---
title: AMI Resolution with Flavors
authors:
- "@sedefsavas"
- "@randomvariable"
- "@imikushin"
reviewers:
- "@randomvariable"
creation-date: 2021-06-28
last-updated: 2021-06-28
status: provisional
---
# AMI Resolution with Flavors
## Table of Contents
## Glossary
### AMI
AWS machine image
### AMI Flavors
AMIs could be categorized based on many aspects like OS type and CPU architecture. An AMI flavor is a particular selection of those options.
## Summary
This proposal redesigns the way AMIs are resolved during management/workload cluster creations.
We are proposing a new AMI object which will have a 1-1 mapping with the AMIs on AWS accounts that are of interest.
With this new object, AMI flavors will be expanded and advanced AMI resolutions based on various will be possible.
During AMI resolution, the source of truth becomes the AMI objects in Kubernetes as opposed to the AMIs on AWS accounts.
## Motivation
Currently, in cluster-api-provider-aws, very limited support exists for different AMI flavors (OS/ARCH); the only supported variants are OS types and Kubernetes versions.
Having an AMI CRD will help us resolve the following issues:
- There is no mechanism in place to detect when new AMIs are published for a certain flavor and Kubernetes version. Hence, when a new AMI is published due to security reasons, the rollout process is manual.

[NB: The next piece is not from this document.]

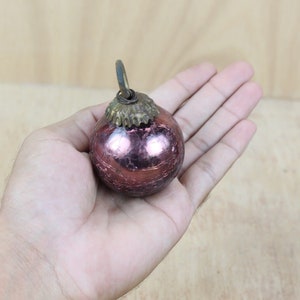 Antique Purple Glass German Kugel Ball Small Crackled Christmas Ornament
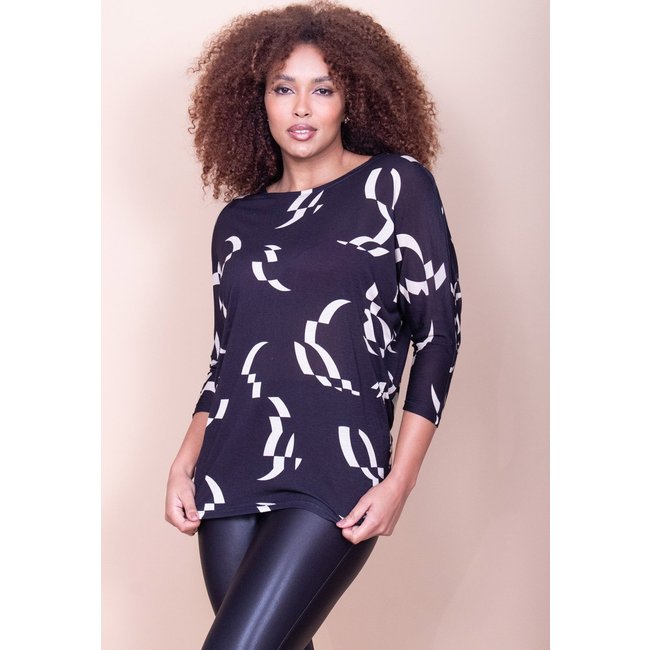 Blusa Morcego Cabanafree Ampla Manga 3/4 Estampa Maria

- Auto-resolved images are not being captured in any CAPA field, so the information on which images are used for AWSMachines are lost.
- Since images are resolved at different points in time for different AWSMachines, they may end up using different AMIs. Need a way to ensure deterministic AMI resolution for consistency in clusters.
### Goals
- Support various AMI flavors (OS variants, bootmode etc.)

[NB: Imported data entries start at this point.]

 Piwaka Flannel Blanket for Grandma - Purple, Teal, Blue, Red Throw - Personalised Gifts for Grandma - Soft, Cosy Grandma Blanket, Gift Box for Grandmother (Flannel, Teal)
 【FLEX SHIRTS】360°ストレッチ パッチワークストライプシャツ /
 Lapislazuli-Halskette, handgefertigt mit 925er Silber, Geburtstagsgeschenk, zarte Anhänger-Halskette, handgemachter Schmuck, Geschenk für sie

- Same AMI for a particular K8s version for all Machines (deterministic AMI resolution)
- During cluster upgrade: Deterministic roll out of a machine image
- During cluster creation: all machines should have the same AMI
- A mechanism that when a user issues some command or update to roll over the machines in a cluster, that all of the machines are launched with the same new AMI.
- To be able to do a deterministic roll out of machines in a cluster with the same Kubernetes version, but a newer OS image.
- e.g. Kernel CVE . Requirement from security to update all machines within 48 hours.
- Org takes image from cloud security, runs it through image builder to add kubernetes components, then updates cluster with new AMI
- Same kubernetes version rollout to new AMIs
- Air-gapped environments should be supported
- Support both public and custom images
- Each AWSMachineTemplate will have a particular AMI set per Kubernetes version
### Future Work
- A controller will automatically create AMIs resources when new AMIs are created.
- Auto-rollout will be supported when a new AMI for the same Kubernetes version becomes available.
- Creation of AMI in a single region and copying encrypted AMIs to user’s AWS account to the region the cluster is in.
## Proposal
This proposal enhances the way AMIs are resolved during ec2 instance creation by introducing a new AMI resource.
### User Stories
#### Story 1 - Having AMIs as Kubernetes objects
As an end user, I would like to list the available AMIs for various flavors (Kubernetes version, OS, Arch etc.) by using Kubernetes constructs.
#### Story 2 - Easier UX for AMI upgrades
As an end user, I would like to know when there are new AMIs published for a Kubernetes version
so that I can trigger a rollout when needed.
#### Story 3 - Deterministic AMI resolution
As an end user, I would like all machines that belongs to the same group (MachineDeployment/KCP) use the same AMI.
### Implementation Details/Notes/Constraints
Main changes are as follows:
- A new CRD for AMIs is created (AWSImage).
- AWSMachineTemplate is populated with (Kubernetes version-AMI) labels for each Kubernetes version that template is used with.
- There is a new AWSMachineTemplate controller that checks if version-AMI tuple is the latest or not.
- A new CRD for AMILookupConfig which will keep track of AWS accounts that will be used to automate AMI creation.
#### New API types
##### AWSImage
A cluster scoped AWSImage CR which has 1-1 mapping with the AMI in the published AWS account.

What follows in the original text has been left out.